■ **PROMPT**
Repeat the stretch of entries below from the line with "Neon script reading" through the line with "Stylized illustration of". Include both ends and add nothing.

■ **DATA FOR ANALYSIS**
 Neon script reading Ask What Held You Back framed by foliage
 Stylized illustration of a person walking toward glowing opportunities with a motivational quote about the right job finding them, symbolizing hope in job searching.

--

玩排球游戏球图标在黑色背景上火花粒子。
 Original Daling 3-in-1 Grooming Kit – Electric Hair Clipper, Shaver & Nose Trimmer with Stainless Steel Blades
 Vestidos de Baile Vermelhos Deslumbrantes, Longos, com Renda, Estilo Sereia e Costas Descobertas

■ **ANSWER BOX**
 Neon script reading Ask What Held You Back framed by foliage
 Stylized illustration of a person walking toward glowing opportunities with a motivational quote about the right job finding them, symbolizing hope in job searching.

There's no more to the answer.